• RECORDS:
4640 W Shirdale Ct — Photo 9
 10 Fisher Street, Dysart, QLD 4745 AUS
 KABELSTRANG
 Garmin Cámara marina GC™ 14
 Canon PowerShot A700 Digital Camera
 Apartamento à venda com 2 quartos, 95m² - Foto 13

• WHAT IS NEEDED:
Everything in the data above should be set down again precisely.

• ANSWER TO THIS TASK:
4640 W Shirdale Ct — Photo 9
 10 Fisher Street, Dysart, QLD 4745 AUS
 KABELSTRANG
 Garmin Cámara marina GC™ 14
 Canon PowerShot A700 Digital Camera
 Apartamento à venda com 2 quartos, 95m² - Foto 13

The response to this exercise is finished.